_Directions for this task_.
Every line from the top of the records through the one bearing "And what this" is to be reproduced exactly, and pictures are to be left out.

(Data)

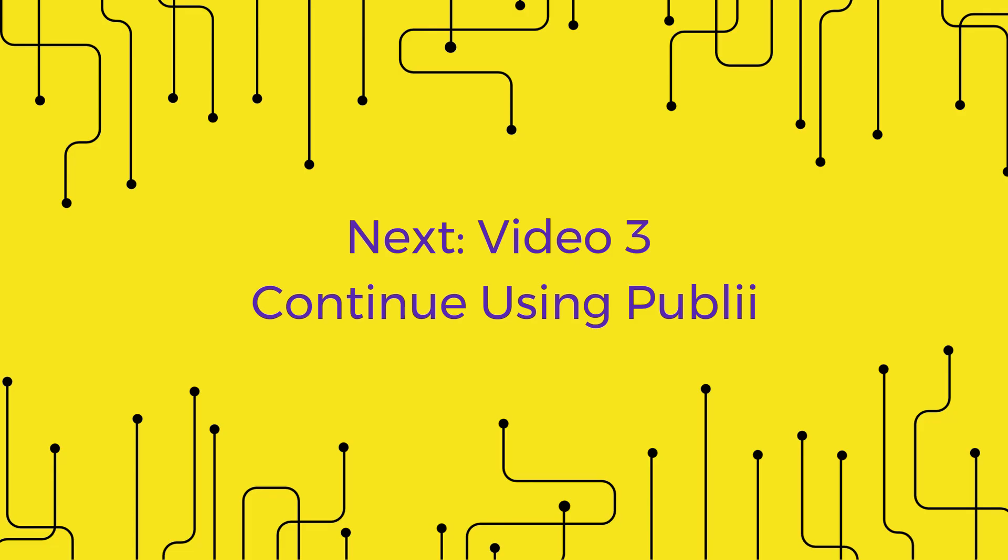In our next video 3, we'll take a look at more additional features and how to use them in Publii CMS.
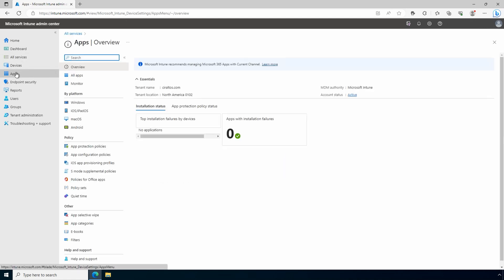Apps provides a similar view. We can see the installation status and app protection policy status. Here too we can view by platform and configure our policies.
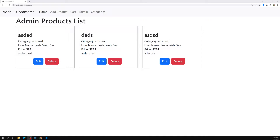Hi friends, this is Leela, welcome to my channel Leela WebDev. We have successfully completed the association with the products and the categories with the user. Now it's time for us to work on the cart page. We have already worked on the cart page when we were working with the file system to save data. Now it's time to implement the same cart functionality using SQL.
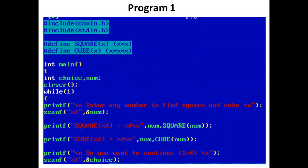A printf statement prints "Enter any number to find square and cube." Using scanf, the user enters the value of num. Suppose the user enters 3. A printf statement prints the square of 3: SQUARE(3) is replaced by (3*3), which equals 9. Then it prints the cube of 3: CUBE(3) is replaced by (3*3*3), which equals 27.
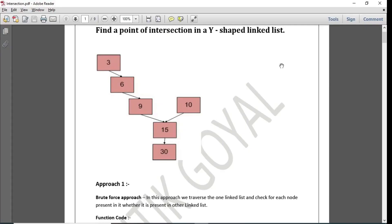Hello. Today we are going to look at how to find the point of intersection in a linked list. Point of intersection means that if we have two linked lists — 3, 6, 9, 15, 30 and the other is 10, 15, 30 — then 15 and 30 is a common point, and 15 is the point of intersection. So we have to return that.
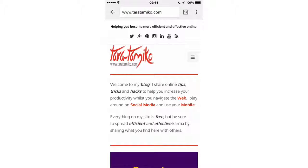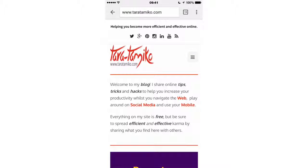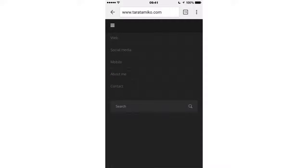When you're browsing the web from your mobile device you often see these three lines on a button. This icon is called a hamburger, and yep, you've guessed it because it isn't dissimilar to a hamburger. This foodie icon is hiding a menu. By tapping the hamburger icon you'll reveal the menu of that website, and this will enable you to navigate more quickly around the site you're on.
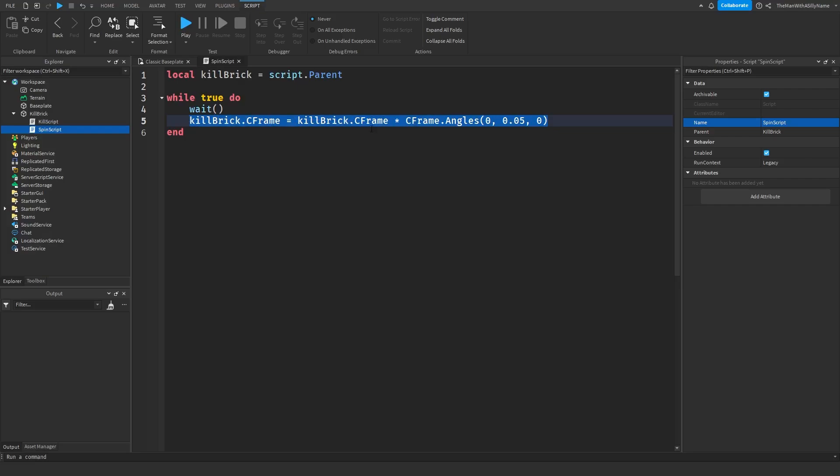And what this code here will do is it will rotate the kill brick by a very small amount, but because it's inside of the loop, it will continuously do that, and that will make it look like the kill brick is actually spinning.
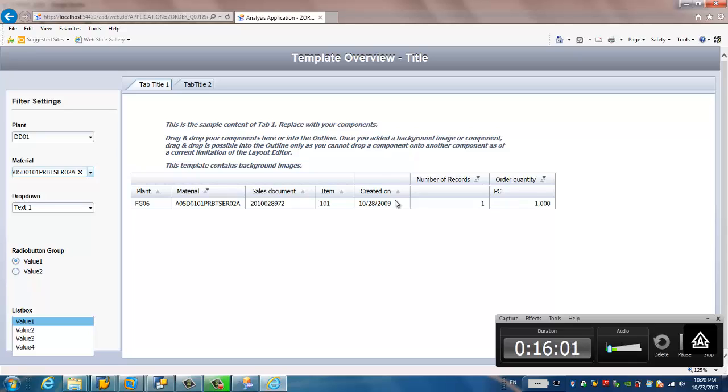So this is all about how to consume SAP NetWeaver BW BEx query in SAP Design Studio. It's pretty simple, and thanks for watching.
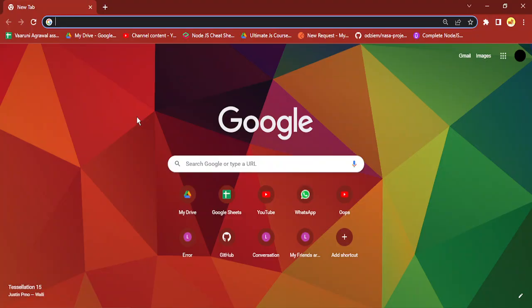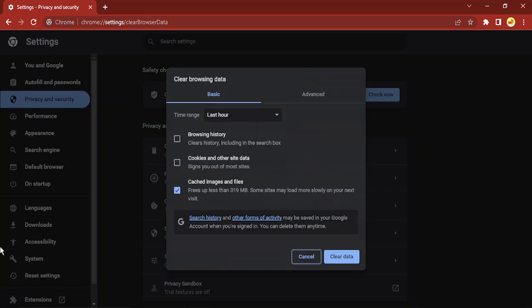What you need to do is just open up your Google Chrome, any new tab is fine, and use the shortcut Ctrl+Shift+Delete. So three keys—Ctrl, Shift, and Delete—all three you need to press simultaneously and you would be brought over here where there would be an option of cached images and files.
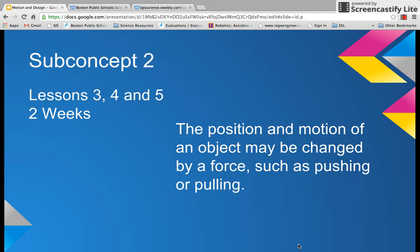The position and motion of an object may be changed by a force, such as pushing or pulling. This is the second concept. This concept has three lessons, and it should take you about two weeks, assuming that you see your students two times a week.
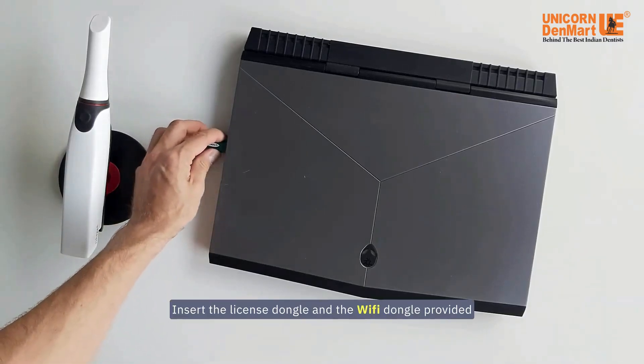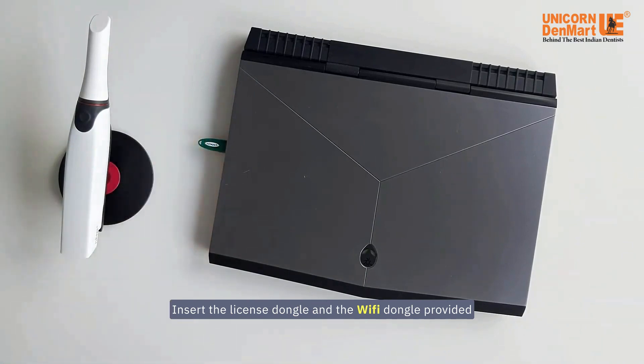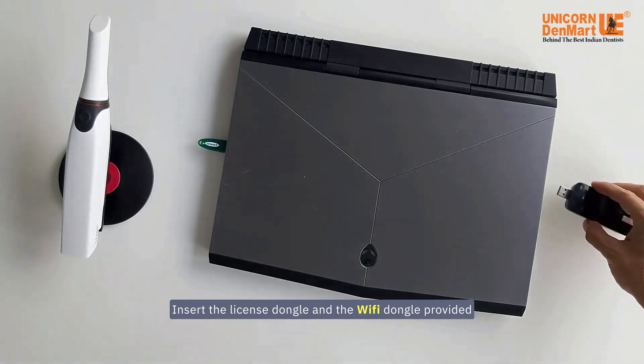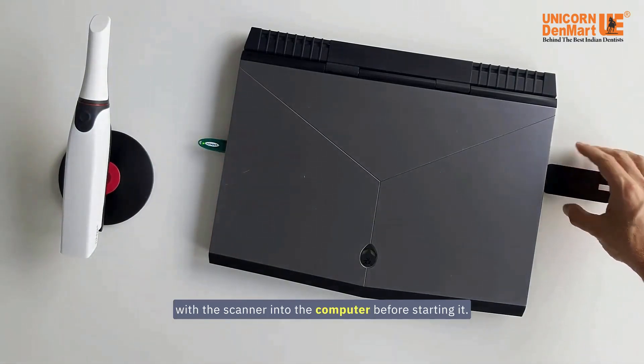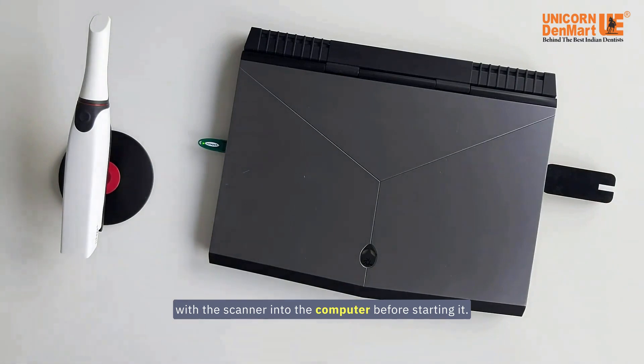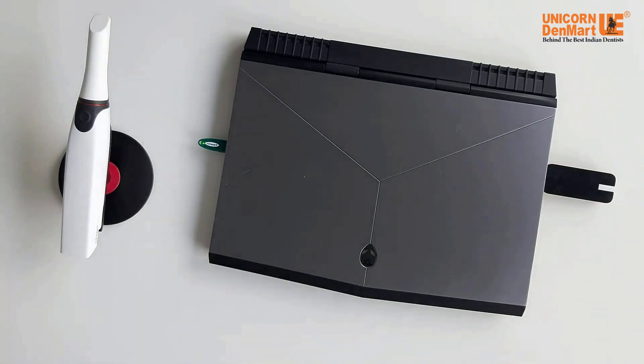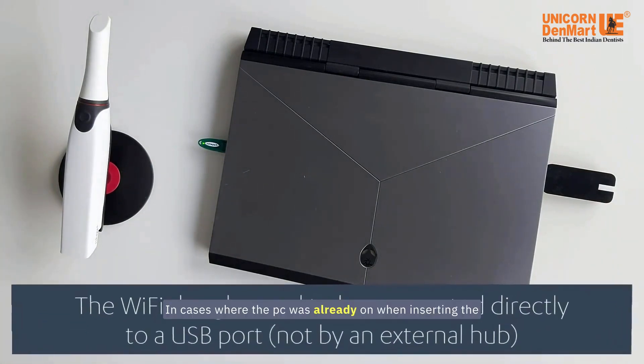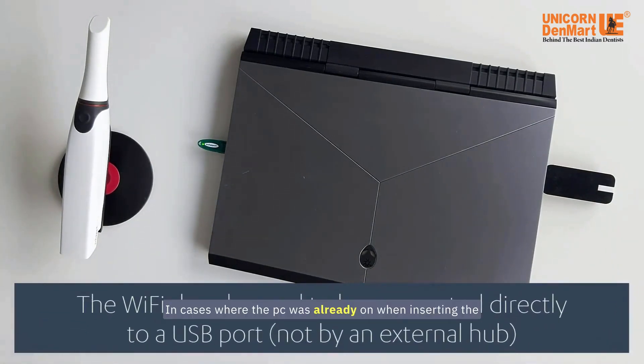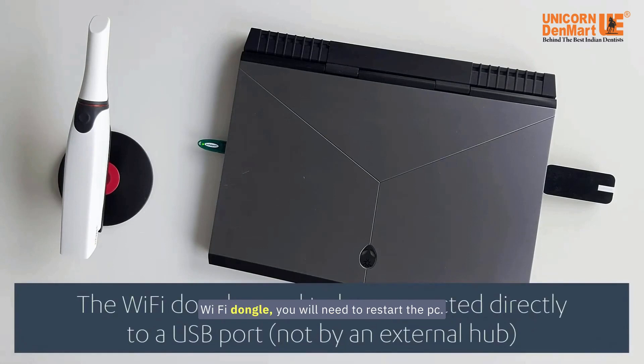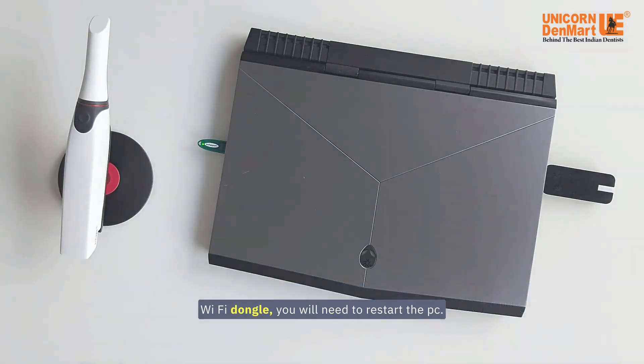Insert the license dongle and the Wi-Fi dongle provided with the scanner into the computer before starting it. In cases where the PC was already on when inserting the Wi-Fi dongle, you will need to restart the PC.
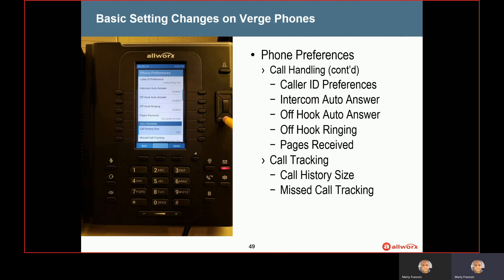Off hook auto answer is enabled by default, and simply means when your phone is ringing, you lift the handset off the hook and you're going to answer the ringing call. Some people choose to disable that, which then forces you to lift the handset and then press the call appearance of the ringing button that you want to answer. The next one is off hook ringing — this means when you're on one phone call, do you want your phone to ring out loud when you receive a second phone call? By default this is disabled, so if you're on one call, the only way to know a second call is coming in is by seeing it on the screen. A lot of people will choose to change this setting so that they are notified audibly when a second call is coming in.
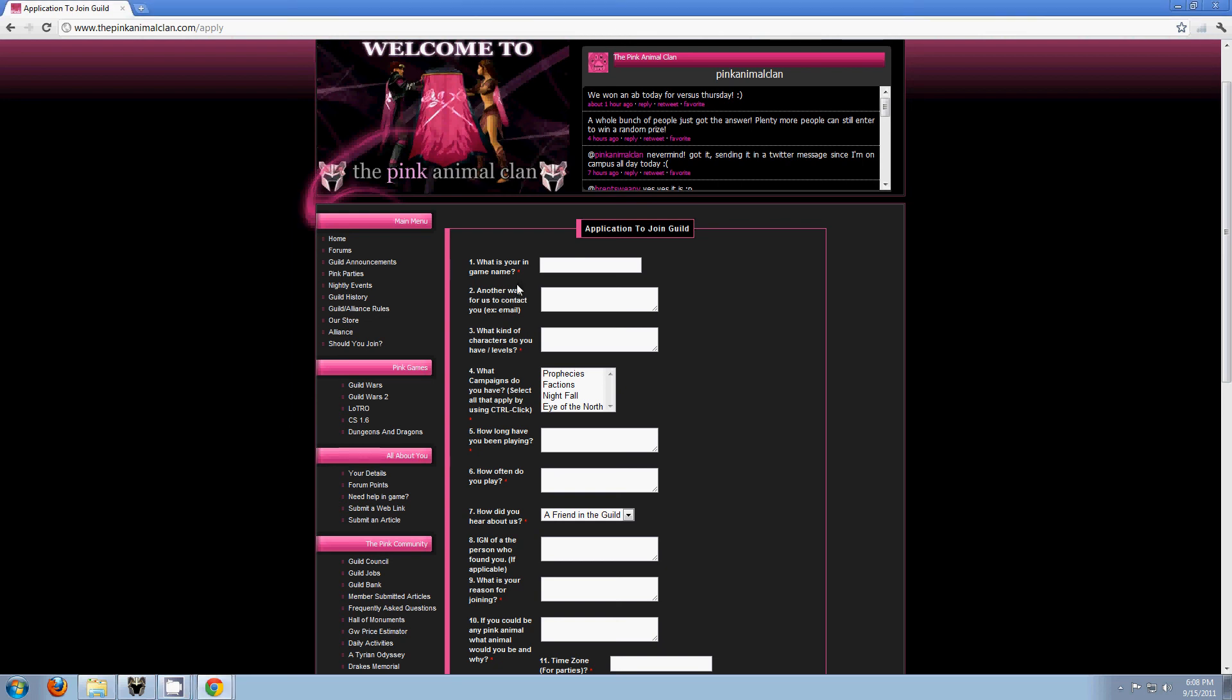Okay, I'm making an application to join the guild video, mostly because I can. So we're going to start off with, for example...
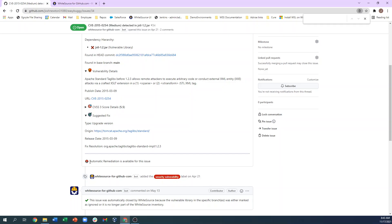Notice that Automatic Remediation is available for this issue. Whitesource provides the option of automatically creating a pull request to remediate this issue. This will also be covered in detail in the Remediate and Renovate videos.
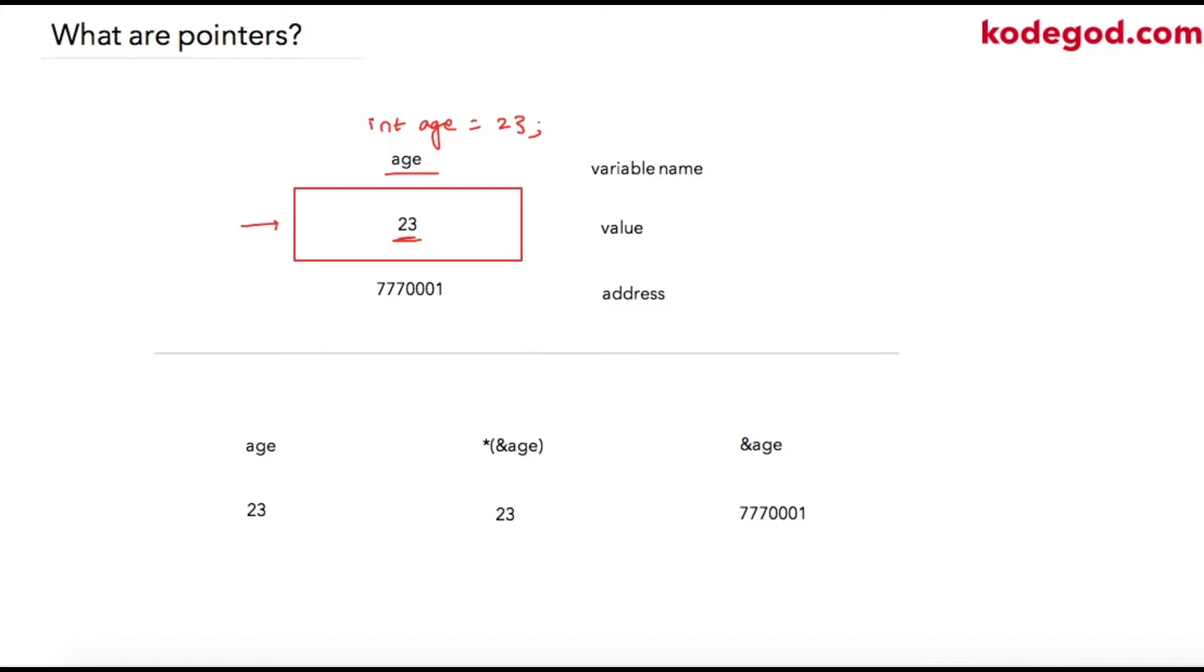All memory locations have some address associated with it. That is how the compiler accesses the variable. So this age is your variable name, 23 is the value stored at address of age, and this is the address.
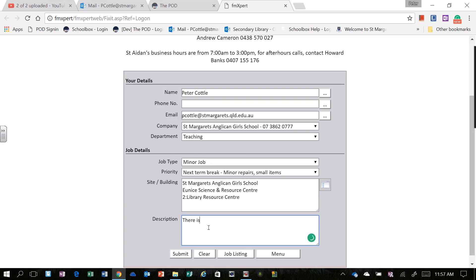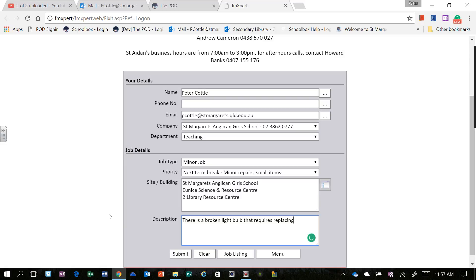There is a Broken Light Bulb that requires Replacing. And then I would click Submit. And that would send through a Notification to Facilities to fix the issue.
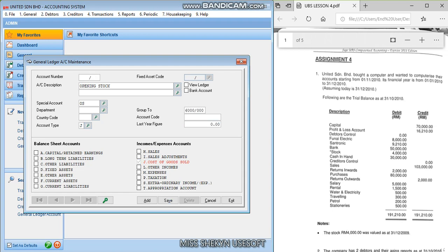And then 6010, running number. Now for the purchases here. Okay, because I follow the format calculation for the COGS, for the cost of goods sold. Right, purchases, no special account. The account type still J. And you save.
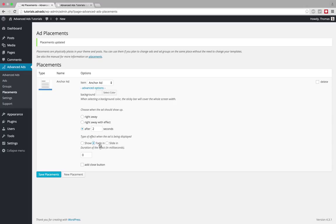By checking fade in I also need to choose how many milliseconds the effect will last. You can experiment with this. I would just choose one thousand which means the effect will happen over a period of one second.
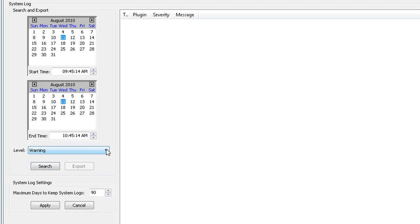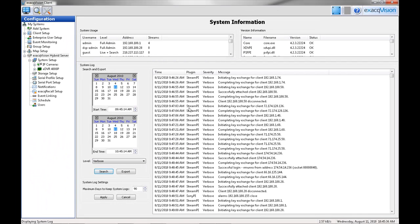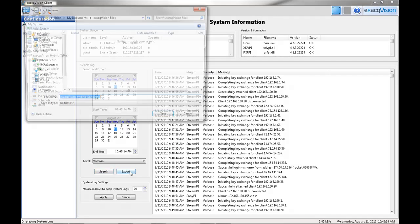Select Verbose from the drop-down list to bring up a detailed history of all the processes that took place on the system. Click Export to export the log file.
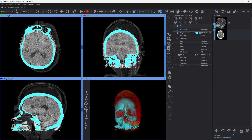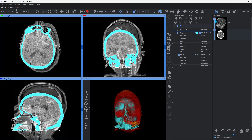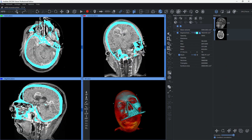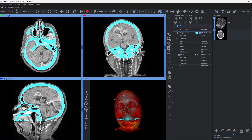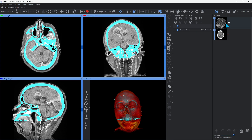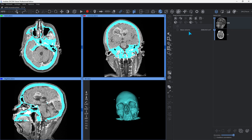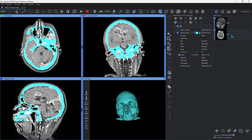Previously, transparency of the fused layers could only be changed for the base volume. Visibility, settings, and work with the structures were adjusted separately for each layer of the fused series.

(End Data)

_Task output_.
In our next video 3, we'll take a look at more additional features and how to use them in Publii CMS.
Apps provides a similar view. We can see the installation status and app protection policy status. Here too we can view by platform and configure our policies.
Hi friends, this is Leela, welcome to my channel Leela WebDev. We have successfully completed the association with the products and the categories with the user. Now it's time for us to work on the cart page. We have already worked on the cart page when we were working with the file system to save data. Now it's time to implement the same cart functionality using SQL.
A printf statement prints "Enter any number to find square and cube." Using scanf, the user enters the value of num. Suppose the user enters 3. A printf statement prints the square of 3: SQUARE(3) is replaced by (3*3), which equals 9. Then it prints the cube of 3: CUBE(3) is replaced by (3*3*3), which equals 27.
Hello. Today we are going to look at how to find the point of intersection in a linked list. Point of intersection means that if we have two linked lists — 3, 6, 9, 15, 30 and the other is 10, 15, 30 — then 15 and 30 is a common point, and 15 is the point of intersection. So we have to return that.
When you're browsing the web from your mobile device you often see these three lines on a button. This icon is called a hamburger, and yep, you've guessed it because it isn't dissimilar to a hamburger. This foodie icon is hiding a menu. By tapping the hamburger icon you'll reveal the menu of that website, and this will enable you to navigate more quickly around the site you're on.
And what this code here will do is it will rotate the kill brick by a very small amount, but because it's inside of the loop, it will continuously do that, and that will make it look like the kill brick is actually spinning.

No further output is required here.